Fülle (Substantiv, feminin [die]) = große Menge, Zahl; Vielfalt, volle Intensität; volles Maß; Reichtum, der in etwas liegt
Die Blüten leuchten wie kleine Sonnen. Ohne Zahl. Soviel mal. Millionenmal. Überall an den Straßenrändern wächst er wieder: Der Raps. Soweit das Auge reicht. Er strahlt. Ich halte das Auto an und steige aus. Der Raps duftet nach Frühling und Honig. Fast zu süß und fast zu schwer ist der Geruch – ich werde beinahe erschlagen von seiner Wucht. Der Raps steht hoch. Und aus der Nähe kann ich auf einmal jede Blüte erkennen. Ganz genau. Lauter goldene kleine Rapssonnen. Eine neben und hinter der anderen. Bis zum Horizont. Eine ganze goldene Welt. Blütenmeer. Fülle. Ich gehe in das Rapsfeld. Die Blüten leuchten wie kleine Sonnen. Ganz nah an meinem Gesicht. Ich sehe sie genau. Jede einzelne. Jede Blüte - eine Welt für sich. Und ohne dass ich etwas dazu getan habe - sind sie da. Erlebe ich Fülle. Einfach so. Ein bisschen Scham empfinde ich. Gelber Reichtum liegt vor mir. Das Feld ist bestellt. Ganz ohne mein Zutun.

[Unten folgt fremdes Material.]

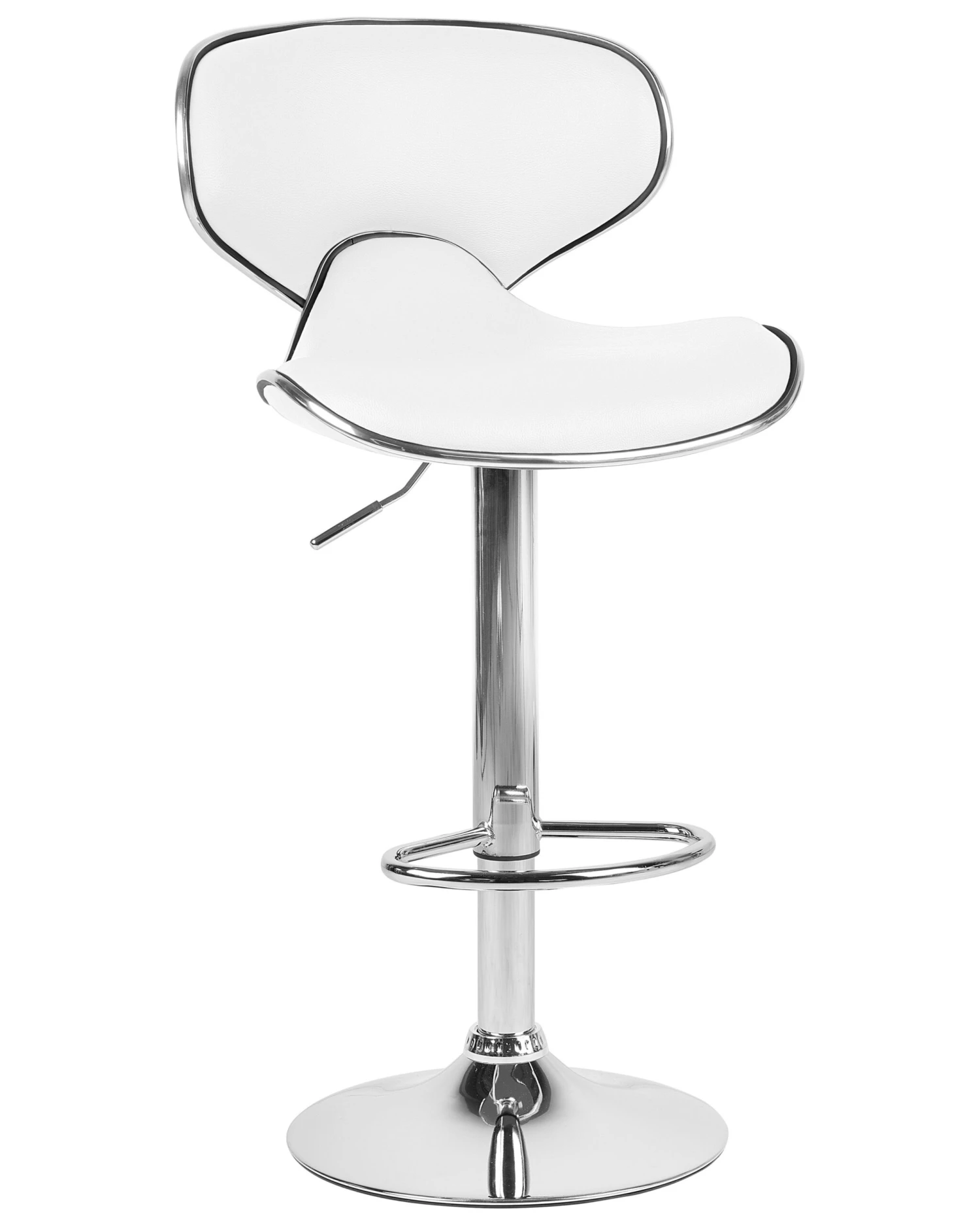 Set Of 2 Faux Leather Swivel Bar Stools White CONWAY - Image 3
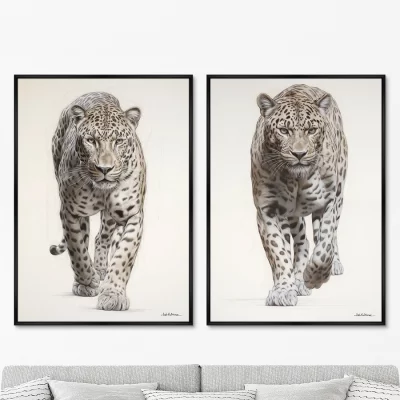 Набор из двух постеров на холсте Leopards 75X105 / 75X105 CM 8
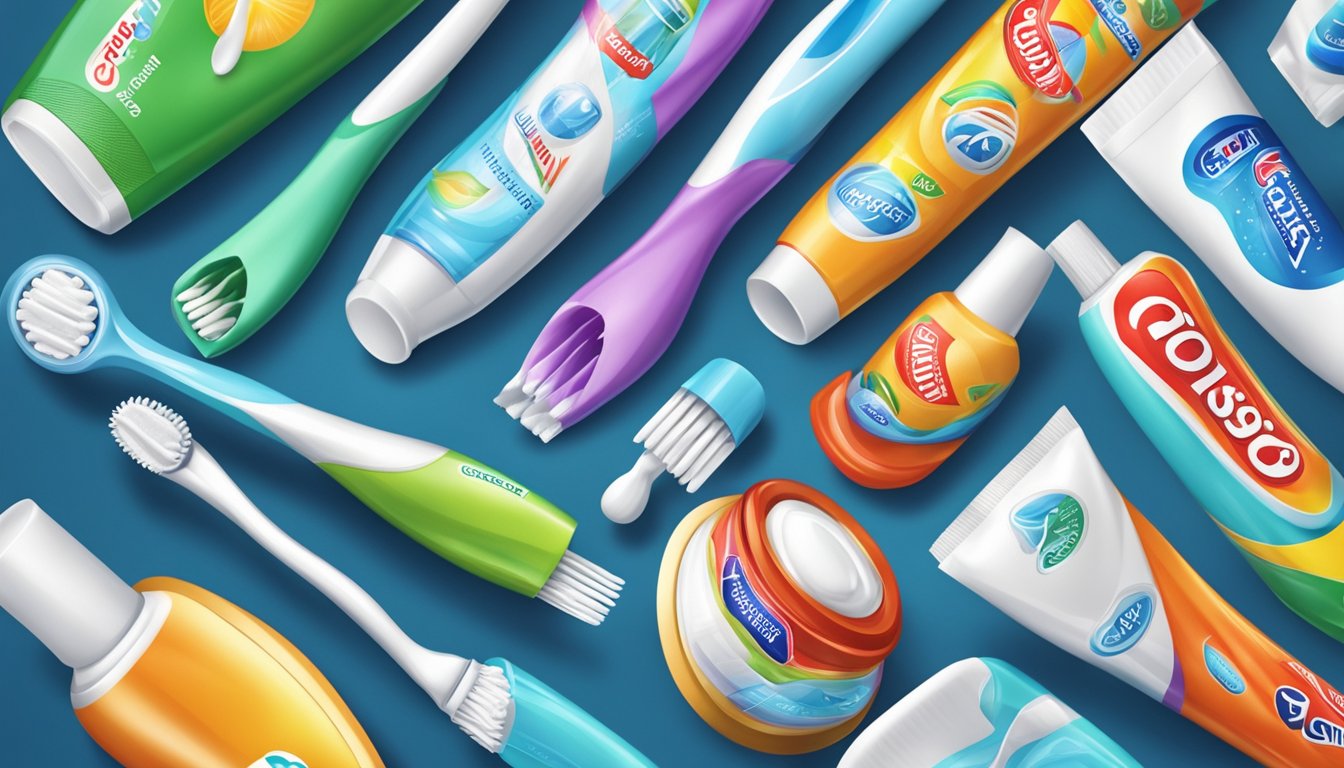 A toothbrush squeezing toothpaste onto bristles, with various toothpaste brands in the background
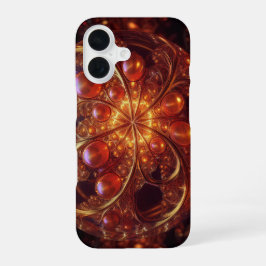 goldfarbenes und gelbes, transparentes Fraktal aus iPhone 16 Hülle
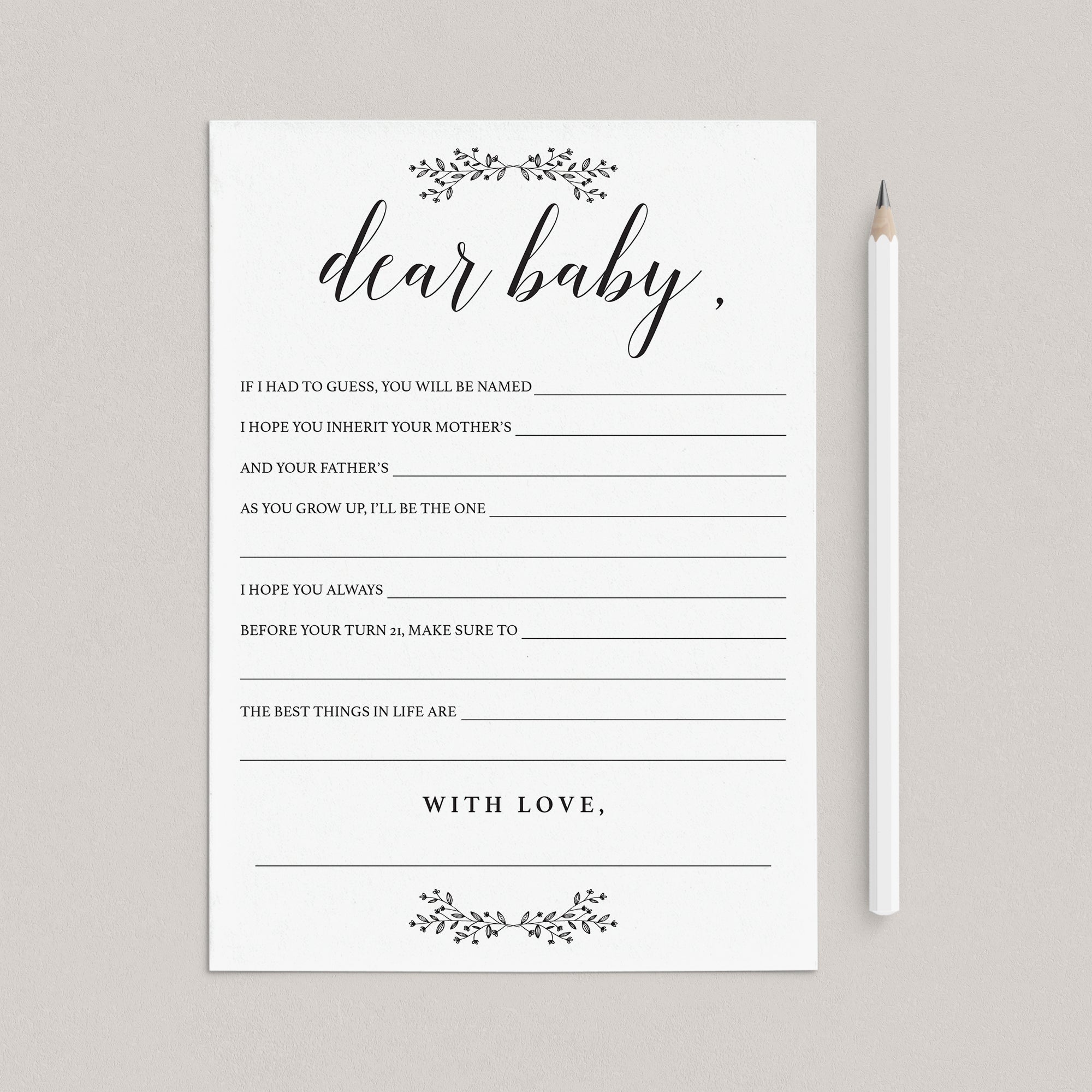 Rustic Baby Shower Wish Cards Printable by LittleSizzle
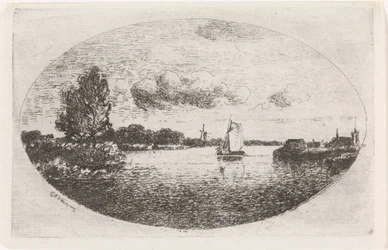 Flusslandschaft mit einem Segelschiff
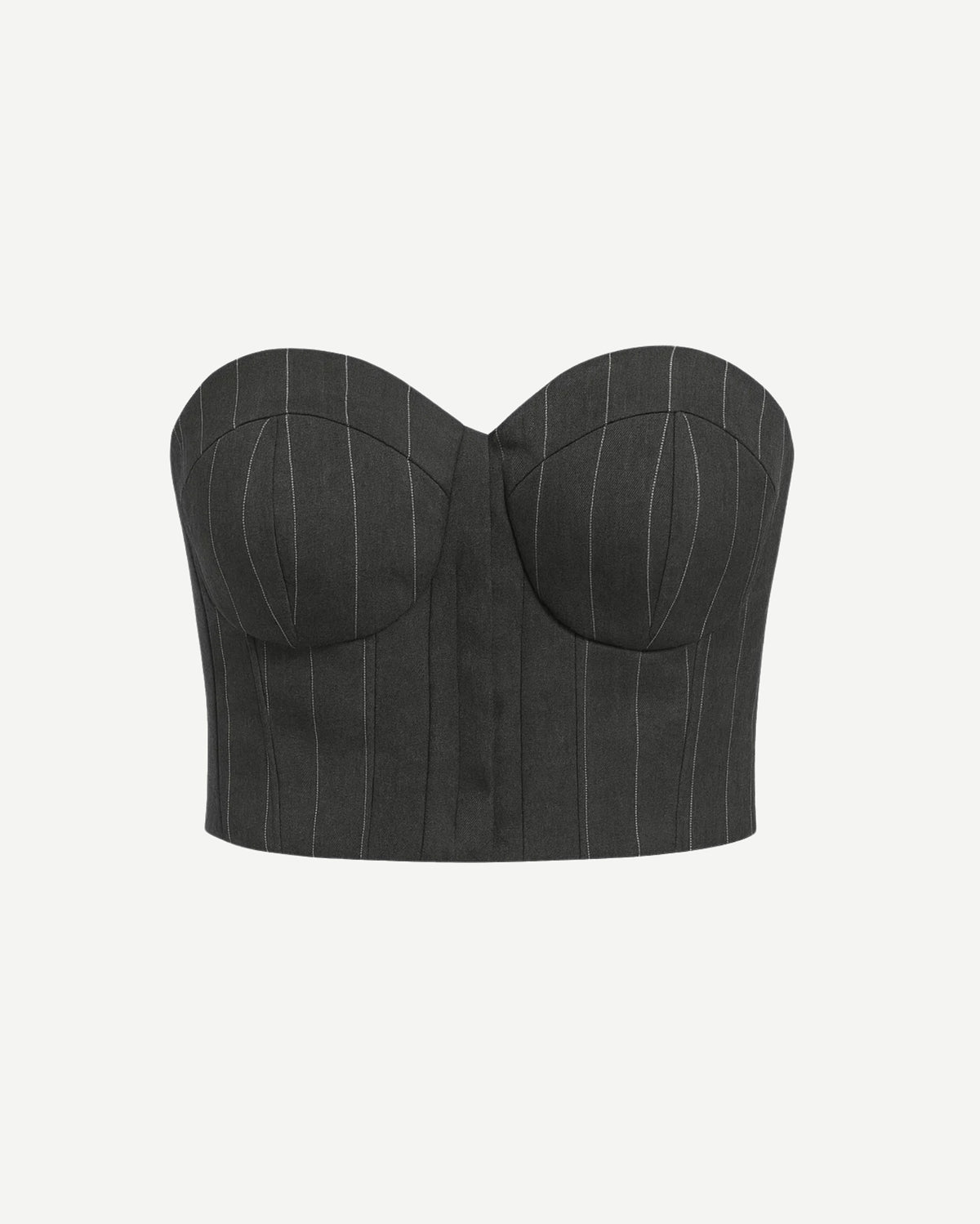 Tailory black pinstripe structured bandeau top front view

Morgen ist der Sonntag Rogate. Betet. Und ich denke an Jesus, der sagt: Bittet, so wird euch gegeben. Und ich sehe die Fülle des Rapsfeldes vor mir. Mehr als genug. Denke ich. Ich habe nicht einmal bitten müssen. Und trotzdem bin ich so beschenkt. Die Welt ist komplex. Ein einfacher Zusammenhang zwischen Bitten und Empfangen – der ist nicht sichtbar. Ich weiß: Manches Mal bitte ich und empfange nicht, was ich mir erhoffe. Und hier: Da sehe ich den Überfluss. Rieche den Duft des Frühlings. Staune über die Pracht und spüre tiefe Dankbarkeit. Bittet so wird euch gegeben. Sagt Jesus. Teilt mit Gott, was Euch bewegt. Eure Wünsche und Sehnsüchte. Eure Geheimnisse und Träume. Um des Gespräches willen. Bittet. Und Euch wird gegeben. Geantwortet. Beigestanden. Ich schaue auf das Rapsfeld. Und ich spüre: Neben dem Bitten bleibt mir auch, nicht selbstverständlich zu nehmen, was ich habe. Dankbar zu sein. Und: Zu teilen.